[antlr-interest] Re: Recommendation for Lexer

Wed Feb 8 09:42:41 PST 2006

> 
> Now I'm going to add several language extensions and I'm ready to dump
> the handwritten Lexer. The problem is: I can't go with ANTLR the way it
> currently is - the language is keyword less and in addition to that
> requires several states (~16). Switching lexers after each token is not
> an option, plus we also need stackable states.
> 
> I tricked Terence into doing the language islands feature for ANTLR 3,
> but unfortunately I need a new lexer long before the summer (and ANTLR 3
> will only be in beta in the summer, no?).
> 

I do not know your particular problem, but whatever tool you choose, no 
one can give you a off-the-shelf solution for the state problem.
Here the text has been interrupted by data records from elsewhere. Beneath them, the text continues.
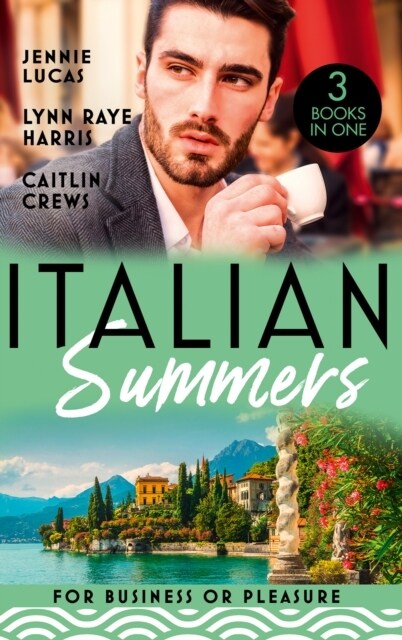 Italian Summers: For Business Or Pleasure : The Consequences of That Night (at His Service) / Unnoticed and Untouched / at the Counts Bidding (Paperback)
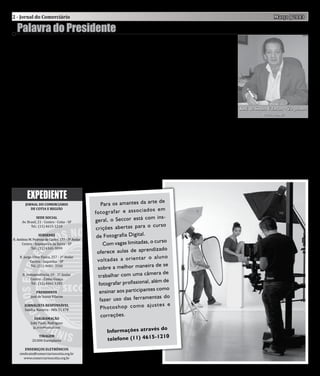 2 - Jornal do Comerciário                                                                                                               Março | 2013

  Palavra do Presidente

U
         ma das principais pre-                   modo de como o comércio              saúde e da segurança dos co-
         ocupações das asso-                      em geral trata seus funcioná-        merciários em todo o estado
         ciações comerciárias                     rios em suas pressões no dia         de São Paulo; ações que nos
diz respeito a segurança e                        a dia, e que ao mesmo tempo          darão força para lutarmos
saúde dos trabalhadores. E                        se esquecem de que todo esse         contra os eventuais desman-
por isso que no final do mês                      tratamento pode trazer sérios        dos e abusos cometidos em
de fevereiro participamos do                      problemas físicos e psicológi-       relação à segurança e à saúde
1º Seminário de Saúde e Segu-                     cos aos trabalhadores.               do trabalhador. Comemora-
rança do Trabalhador Comer-                          Com boas discussões foi           mos agora a Regulamentação
ciário, realizado no Centro de                    oficializado a criação do De-        da Profissão de Comerciário,
Lazer dos Comerciários em                         partamento de Saúde e Segu-          que inibirá tais desmandos que
                                                                                                                        José de Sousa Vilarim - Zequinha
Praia Grande.                                     rança, que tem como objetivo         possam acontecer durante a                   Presidente
   Estarmos em uma ação                           promover ações em nome da            jornada de trabalho.



                                                    Seccor oferece curso
como essa, ao lado de pessoas
importantes como o presiden-
te da Federação dos Comerci-
ários do Estado de São Paulo




                                                     de Fotografia Digital
(Fecomerciários), Luiz Carlos
Motta e do então ministro do
Trabalho, Brizola Neto, é de
extrema importância para a
nossa associação, pois pode-
mos debater melhor sobre o


                                                                                   te de
        Jornal do Comerciário                            Para os amantes da ar
           de Cotia e Região                                                      os em
                                                     fo to gr af ar e as so ci ad
      Av. Brasil, 21 - Centro - Cotia - SP
                                                                                  m ins-
                                                     geral, o Seccor está co
                SEDE SOCIAL

            Tel.: (11) 4615-1210                                                o cu rs o
                                                     cr içõ es ab er ta s pa ra
R. Antônio M. Pedroso de Castro, 177 - 3º Andar
                  SUBSEDES                            de Fotografia Digital.
      Centro - Itapecerica da Serra - SP
                                                                                       rso
                                                          Com vagas limitadas, o cu
            Tel.: (11) 4165-3099                                                 ndizado
                                                      oferece aulas de apre
    R. Jorge Vitor Vieira, 257 - 1º Andar
           Centro - Juquitiba - SP
                                                                                    al un o
                                                      vo lta da s a or ie nt ar o
            Tel.: (11) 4681- 3166                                                    de se
                                                       sobre a melhor maneira
      R. Independência, 19 - 1º Andar
           Centro - Embu-Guaçu
                                                                                    era de
                                                       trabalhar com uma câm
            Tel.: (11) 4661-1181                       fotografar profissional,
                                                                                  além de
                                                                                     como
                                                        ensinar aos participantes
            José de Sousa Vilarim
                PRESIDENTE
                                                                                    tas do
                                                        fazer uso das ferramen
        Sandra Navarro - Mtb 31.478
                                                                                     te s e
                                                        Ph ot os ho p co m o aj us
        JORNALISTA RESPONSÁVEL


                                                         correções.
            João Paulo Rodrigues
               DIAGRAMAÇÃO

              jp_erre@hotmail.com                                               do
                                                           Informações através
             20.000 Exemplares
                                                                                210
                                                           telefone (11) 4615-1
                 TIRAGEM



    sindicato@comerciarioscotia.org.br
       ENDEREÇOS ELETRÔNICOS

       www.comerciarioscotia.org.br
 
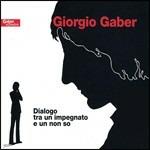 Dialogo tra un impegnato e un non so - CD Audio di Giorgio Gaber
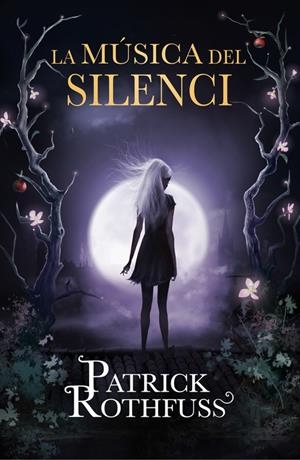 MUSICA DEL SILENCI, LA | 9788415961567 | ROTHFUSS,PATRICK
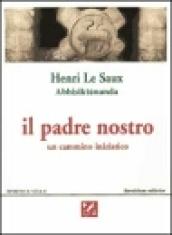 Il padre nostro. Un cammino iniziatico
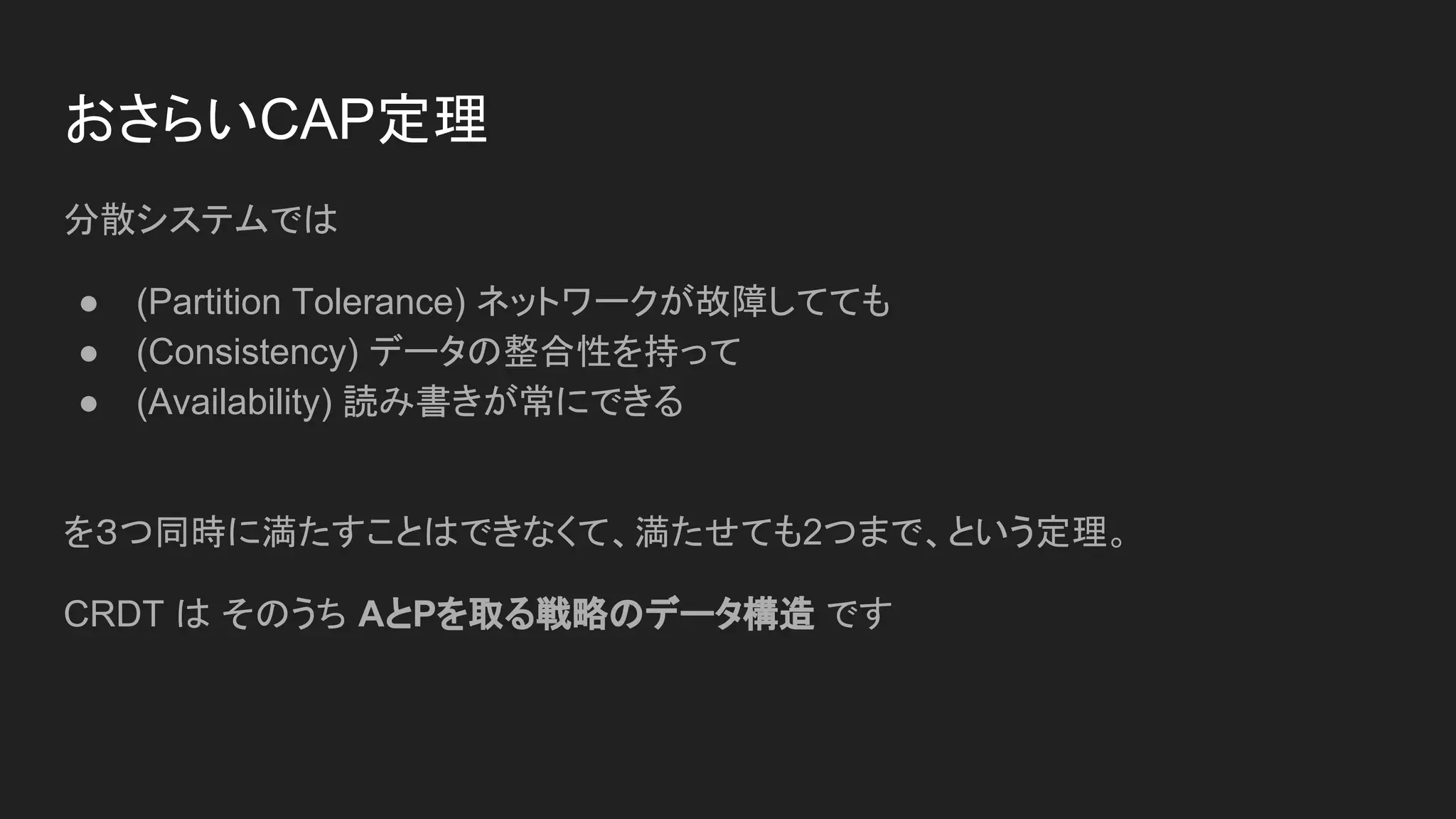 おさらいCAP定理
分散システムでは
● (Partition Tolerance) ネットワークが故障してても
● (Consistency) データの整合性を持って
● (Availability) 読み書きが常にできる
を３つ同時に満たすことはできなくて、満たせても2つまで、という定理。
CRDT は そのうち AとPを取る戦略のデータ構造 です
 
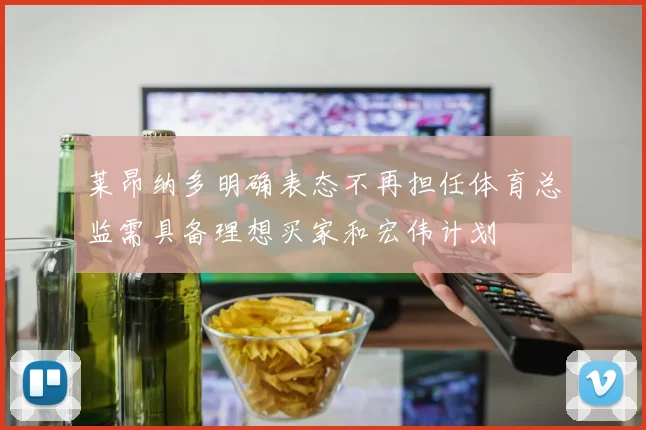 莱昂纳多明确表态不再担任体育总监需具备理想买家和宏伟计划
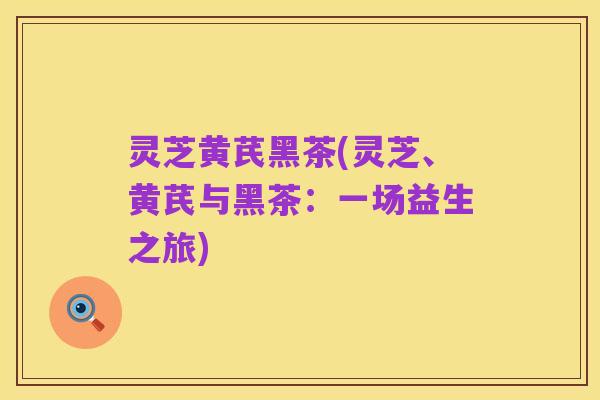 灵芝黄芪黑茶(灵芝、黄芪与黑茶:一场益生之旅)
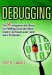 Debugging : The Nine Indispensable Rules for Finding Even the Most Elusive Software and Hardware Problems cover
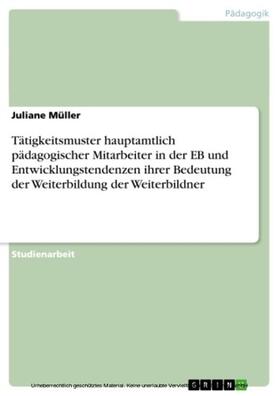 Müller | Tätigkeitsmuster hauptamtlich pädagogischer Mitarbeiter in der EB und Entwicklungstendenzen ihrer Bedeutung der Weiterbildung der Weiterbildner | E-Book | sack.de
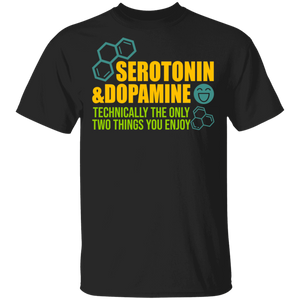 Serotonin & Dopamine Joke for Biology T-Shirt - Macnystore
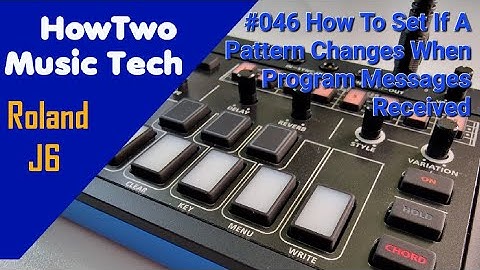 #046 How To Set If A Pattern Changes When Program Messages Received ROLAND J6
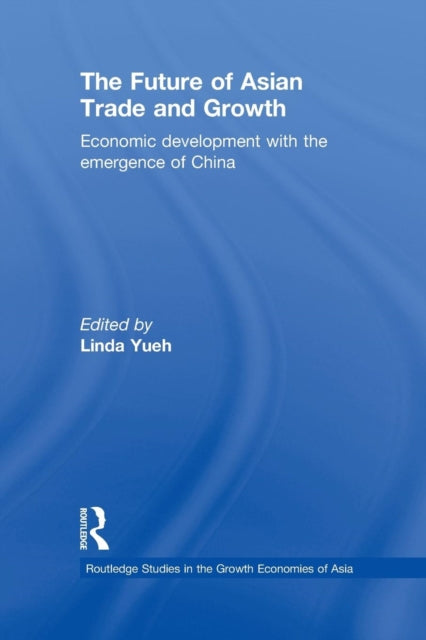 The Future of Asian Trade and Growth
The 
logic for maintaining state has to be implemented by you. Other tools 
may provide better syntax for this, but I think antlr is very good as well.

I am using antlr to prase ruby, which requires lots of states in lexer 
also. I find the problem is manageable: for simple things you can use 
semantic predict, for more complicated ones you can override the 
generated lexer and use all the traditional OO techniques.

Here is simple example: in ruby, '/' can be the DIVIDE operator, or 
start of regular expression (same syntax as in perl), so you can have 
the following lexer rule:
DIV_OR_REGEX
: {exprect_div()}? '/' {$setType(DIV);}
| '/' REGEX_CONTENT '/' {$setType(REGEX);}
;

It is still very readable. sure you need to implment exprect_div(), but 
as I said, this is something you have to do anyway.

HereDoc is more complicated, so I overide nextToken() and macth heredoc 
content based on the current state.

Using multiple lexers is another good choice.

-- 
Xue Yong Zhi
http://seclib.blogspot.com